I use the Hitachi NV75AG they call it a light duty framing & siding gun but I have been running them for about 4 years now with no troubles lightweight & powerful. they are very strong IMO I run my compressor @ 150psi


----------



## mnjconstruction (Oct 5, 2008)

I too am buying a coil framing nailer this year. I have 2 stick nailer now, and feel the same as you do. Sucks loading them all the time. I researched all brands of coil nailer last week and I like the max. gonna go get it in a few weeks!


----------



## strathd (Jan 12, 2009)

It seems that on jobsites where coil nailers are used I have seen a lot of wasted coils. Guys step on them then dont bother to try and make them usable, just grab another one. I would use them if I was the only one using them.


----------



## loneframer (Feb 13, 2009)

Coil nailers are nice as far as reloading less often, but at 44 years old I dont mind standing up straight for 15 seconds to reload the stick nailers. Feels good to relax the back briefly. Besides I can carry more clips in my nailbag than I can coil nails.:thumbsup:


----------



## MALCO.New.York (Feb 27, 2008)

strathd said:


> .........I have seen a lot of wasted coils. Guys step on them then dont bother to try and make them usable, just grab another one..........





loneframer said:


> Besides I can carry more clips in my nailbag than I can coil nails.:thumbsup:


That is fact!!!

Way to many wasted coils. Way too much space taken up.

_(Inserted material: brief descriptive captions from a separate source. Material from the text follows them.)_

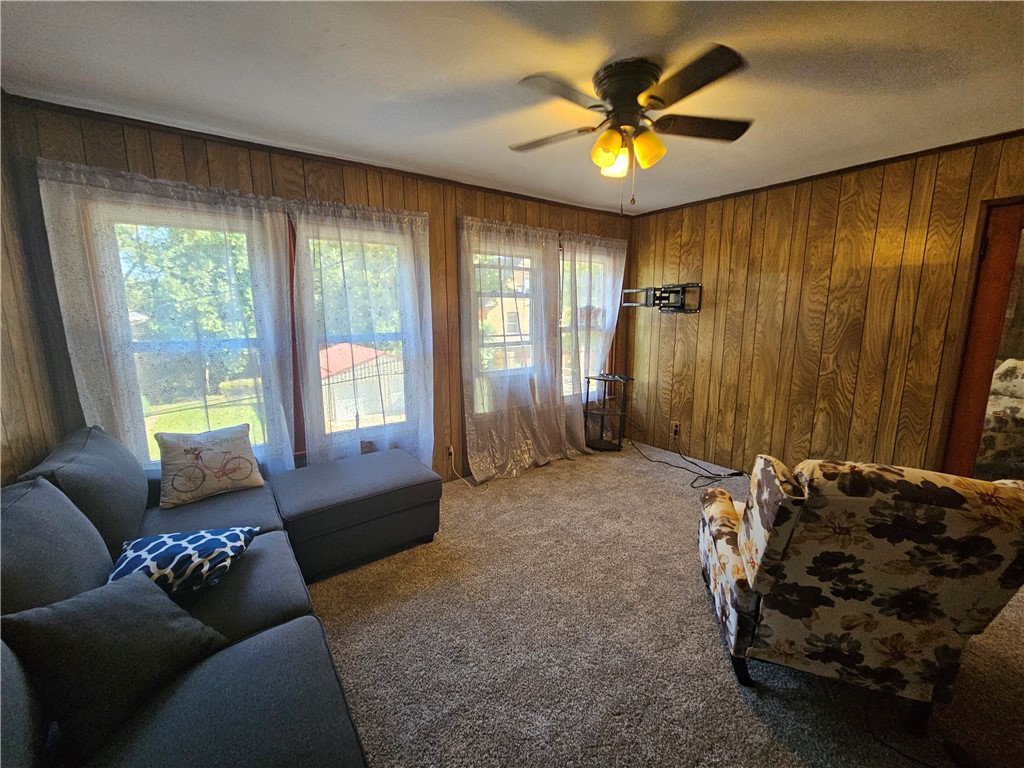 Tarentum, Pennsylvania 15084, United States, 1 Bedroom Bedrooms, ,1 BathroomBathrooms,Residential,Active,224678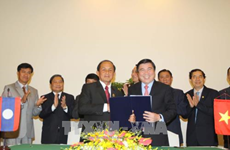 Ciudad Ho Chi Minh y provincia laosiana fortalecen cooperación de amistad
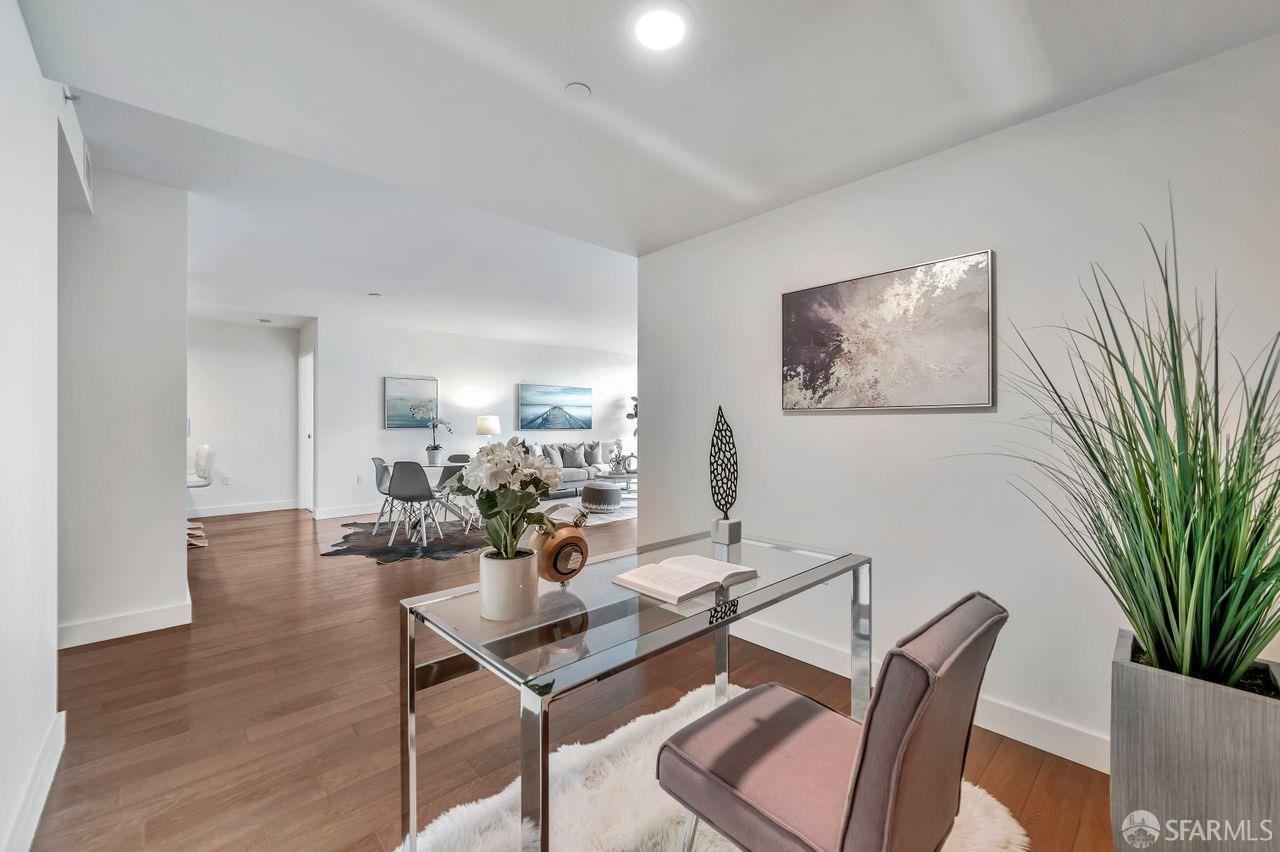 708 Long Bridge Street # 207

Other than that...... The coil is a Much better device all around based upon my limited but attentive experiences.


----------



## loneframer (Feb 13, 2009)

Being left handed makes loading the coil nailer much more awkward than stick nailers, even though they are both "right handed" design.:thumbsup:


----------



## knucklehead (Mar 2, 2009)

I have one hitachi coil .I got it for nailing floors ,sheeting. I also use it for framing.Seems like most guys want to use the stick guns.


----------



## tcleve4911 (Mar 26, 2006)

I use the Bostich coil for sheathing and a little framing. It's a heavy gun but works non stop. Very reliable.
I use my Paslode stick for regular framing.


----------



## johndel1971 (Mar 8, 2009)

did u get a chance to look at the makita an901? if so what do u think? thanks for ur quick reply to my post


----------



## johndel1971 (Mar 8, 2009)

*re: coil nailer*

just want to say thanks to all for responding to my post quickly. all ur opions were very helpful.still havent made up my mind yet but narrowed it down to max or makita.with the expensive price tag on these nailers this is one thing i want to make sure i get right not to mention trying to return an item bought online is a nightmare.


----------



## MikeNeufeld (Sep 23, 2007)

www.maxusacorp.com

max nailers are fabulous. From there brad nailers to HP system, finish nailers and framing nailers. Just hands down great guns.... IMO I ride The Max nuts....


----------



## johndel1971 (Mar 8, 2009)

*coil nailer*

u know what mike i think ur right max does make an awesome nailer i have the 890rh and it really is a nice tool the only thing is that its a tight fit between 16oc. but the first gun i always grab is the hitachi nr90ae its small,light, and has incredable power even in engineered material.u just have to get passed the hidious color.anyway i think im going to go with the max coil nailer. max has a good rep. and is a proven winner. thanks for the advice


----------



## johndel1971 (Mar 8, 2009)

just curious did get a chance to look at the makita and if so what do u think? if ur purchasing the max online what site r u looking at? the lowest price i found was 399 thanks


----------



## Jayrek (Sep 6, 2008)

there is nothing like the ease of use from a paper collated stick nailer.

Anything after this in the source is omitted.